Eye Movement Desensitization and Reprocessing (EMDR)
Eye Movement Desensitization and Reprocessing (EMDR) is multi-phase (8) form of therapy. It is based on the theory of information processing. EMDR sessions focus on reprocessing the information associated with past, present or future experiences that are experienced in an overly emotional or negative way. These targeted experiences are often associated with pathologies such as phobias, panic disorder, PTSD and depression.

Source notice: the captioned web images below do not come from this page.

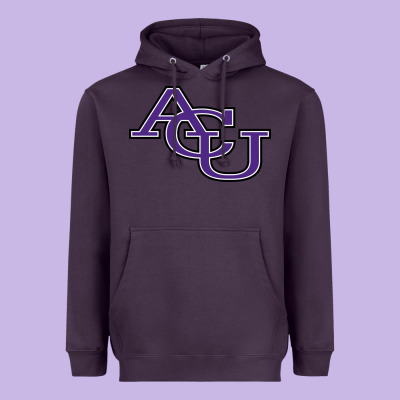 Acu Abilene Christian University Heavyweight Hoodie Designed By Floraart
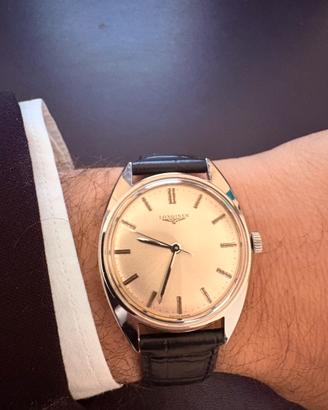 LONGINES CALIBRO 284  CON REVISIONE 2025)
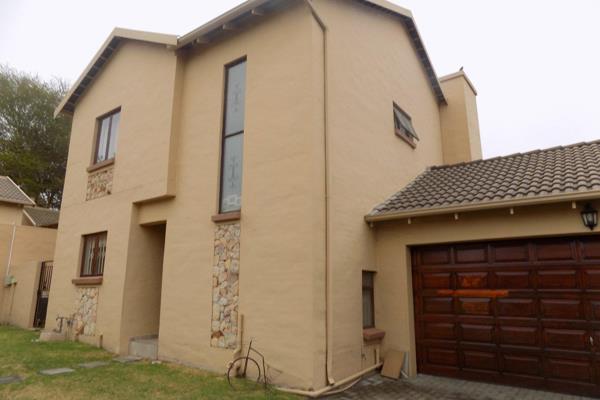 Stunning house with lots on offer. Fully walled with double automated garage and garden ...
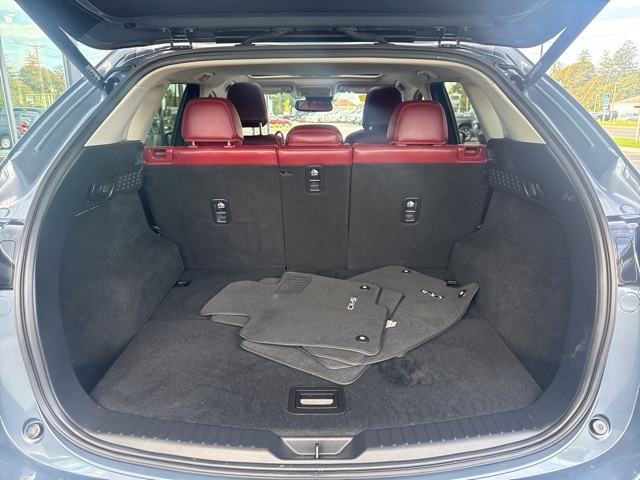 2023 Mazda CX-5 2.5 S Carbon photo 9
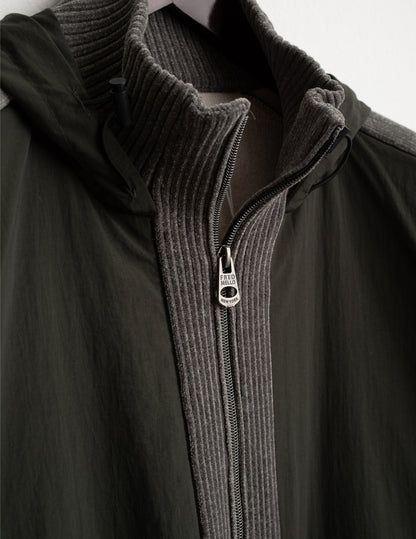 MAGLIA M/L ZIP FANTASIA MAN
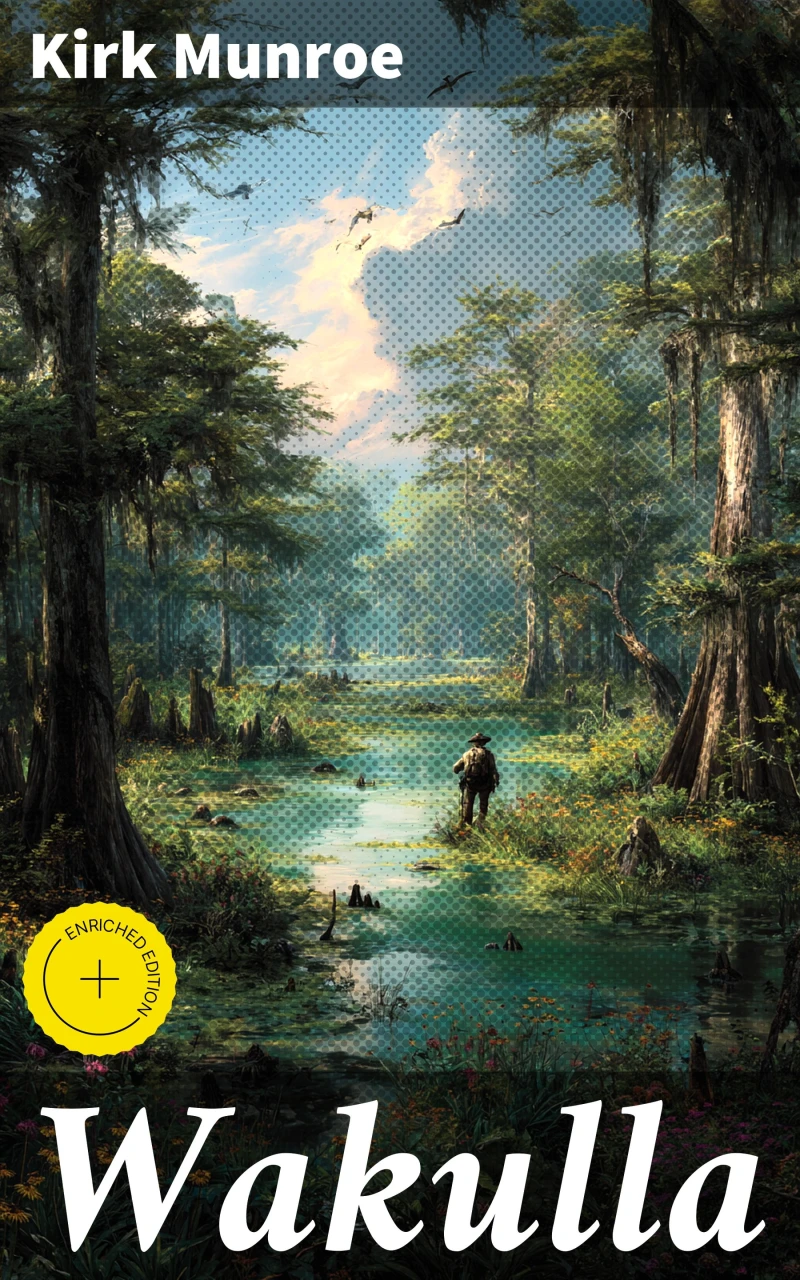 Portada: Wakulla
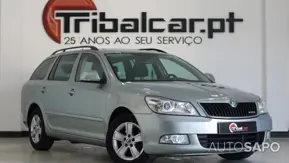 Skoda Octavia de 2012
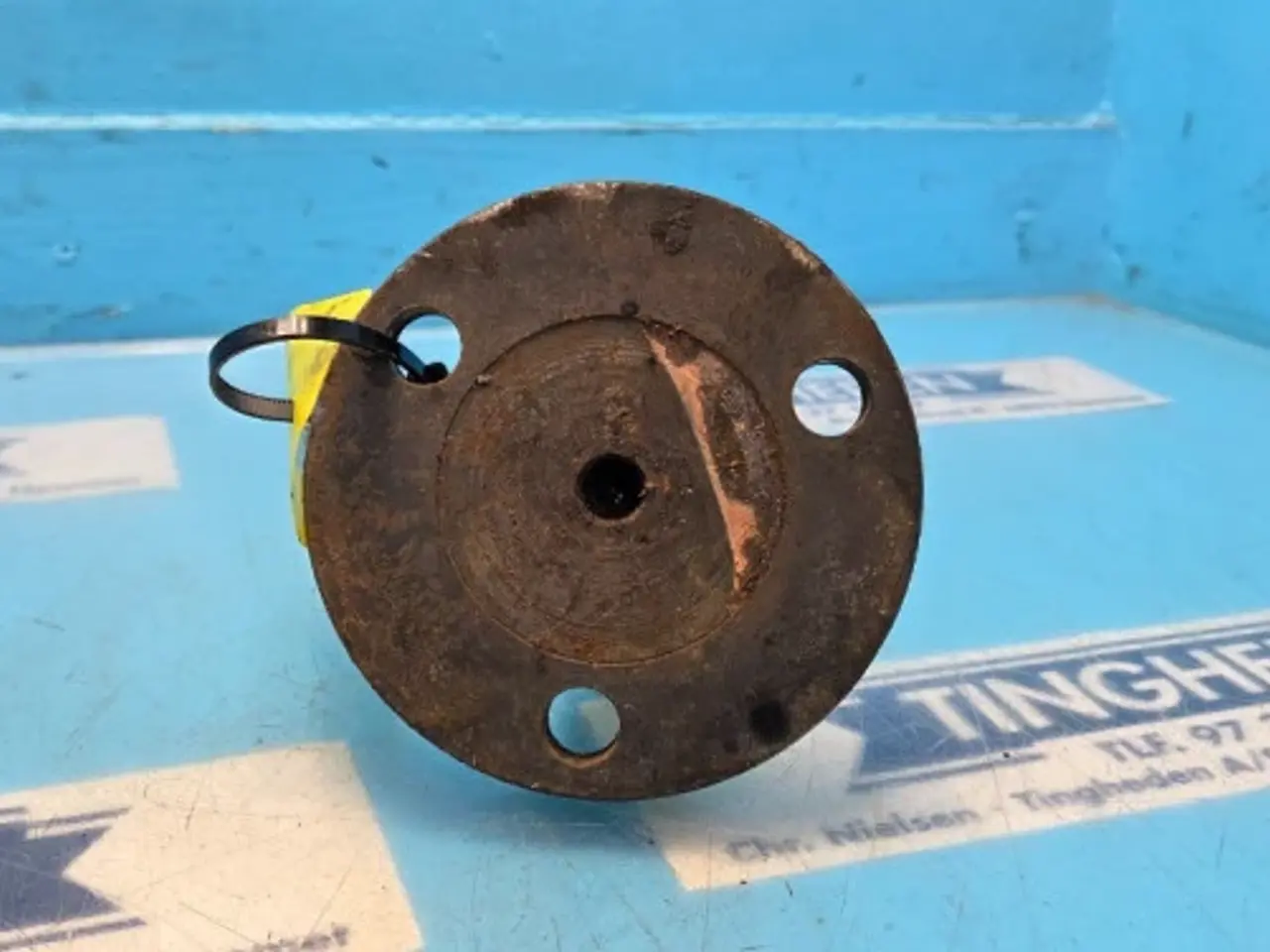 Billede 3 - New Holland TM115 Aksel 5158578
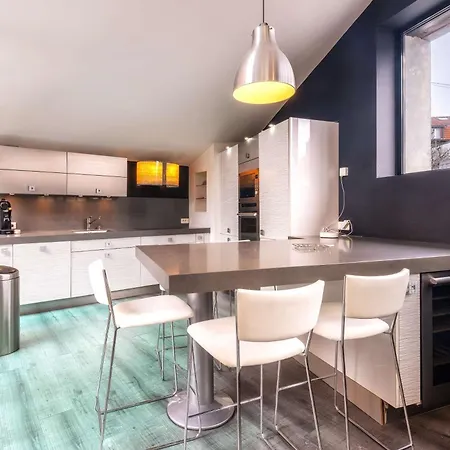 Extra Loft Design Hyper-centre Terrasse Bethune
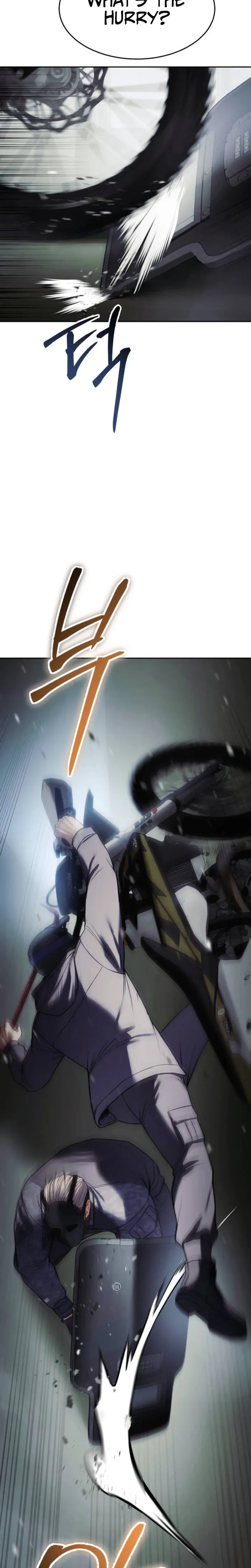 Baek XX Chapter 172 page 11 - 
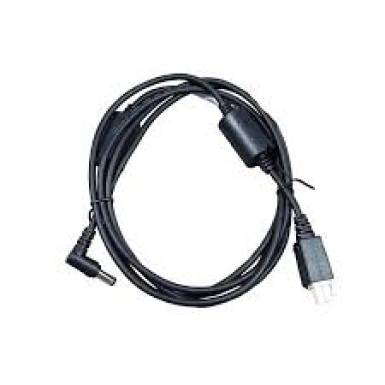 ZEBRA - EVM_ADC_A1_1 DC CABLE FOR 3600 SERIES CBL-DC-451A1-01 ZEBRA - EVM_ADC_A1_1 DC CABLE FOR 3600 SERIES CBL-DC-451A1-01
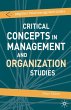 Critical Concepts in Management and... - Bild 1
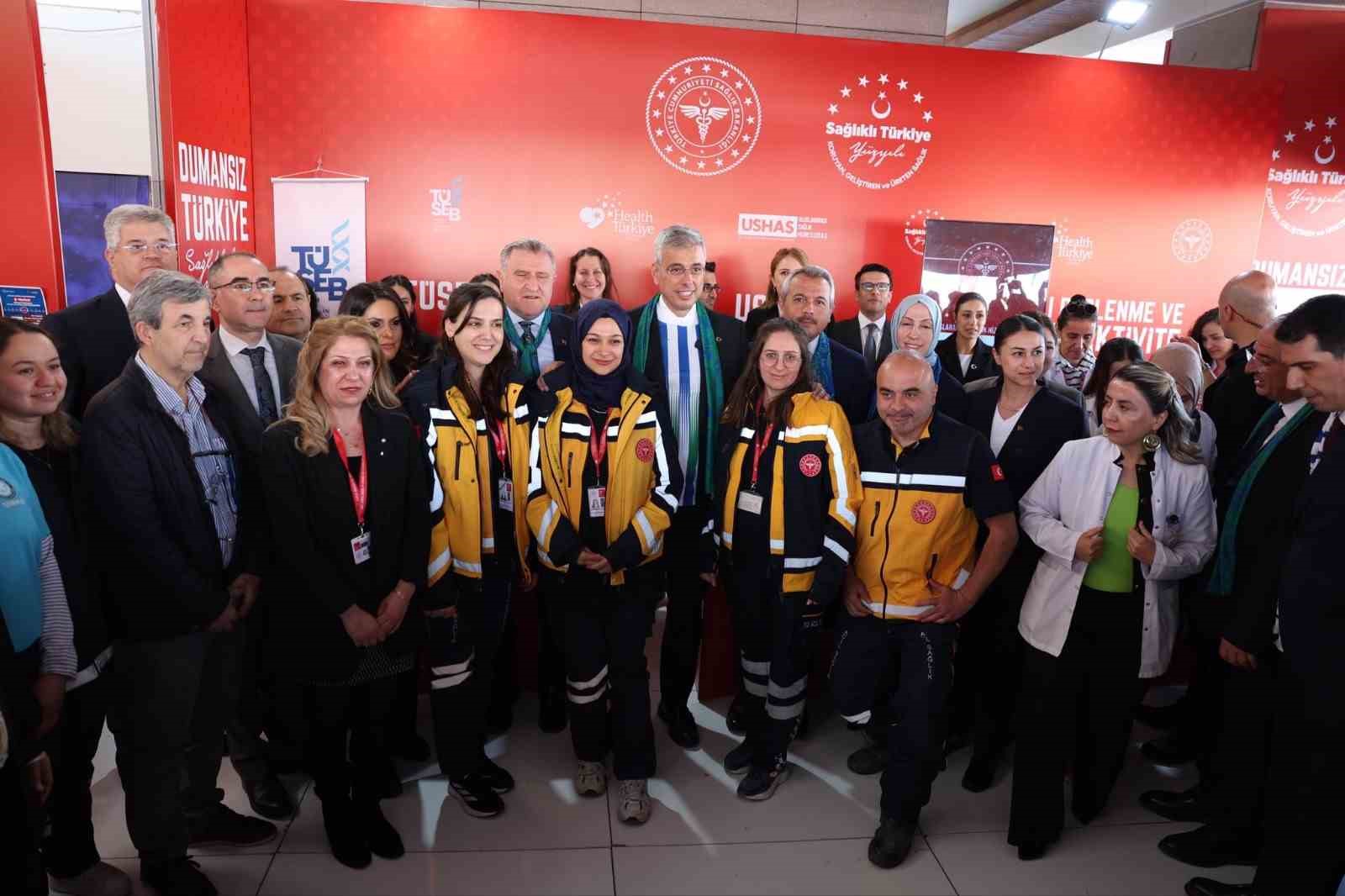 bakan memisoglu rize gunlerini dumansiz acik hava konseptiyle hayata geciriyoruz 2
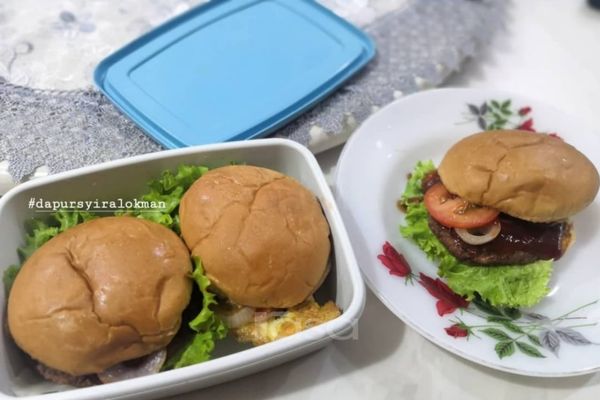 Wanita Ini Kongsi 10 Idea Bento Untuk Suami Bawa Pergi Kerja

EMDR sessions involve tapping into present feelings and thoughts about past and future events by using:
- Body Sensations
- Negative cognitions
Negative cognitions are the irrational beliefs held on to by the patient as a result of the past event. These types of beliefs are very damaging because they usually reinforce and mimic the person’s thought style in other areas of life. The level of insight and willingness to make changes varies from person to person but EMDR can help the person gain insight and reduce the level of spontaneous reactions in similar situations.
During the session, the therapist uses the information provided by the patient to help them re-assess the stuck material by connecting them to different parts of their brain. Eye movements are used to neurologically stimulate both sides of the brain so that images, feelings, negative cognitions become desensitized.
Research has shown that bilateral stimulation of the brain helps to engage the autonomic nervous system into a –state- of- relaxation (increasing para-sympathetic arousal and increased HRV- These are great things!). This activation of the relaxation side of the nervous system can then become active in assisting in the desensitization process of the event.
EMDR is effective for both large and small traumas. It has been shown to be effective in treating PTSD and phobias . EMDR therapy can be done as a solo therapy or as an adjunct to another therapy such as Cognitive Behavioral Therapy.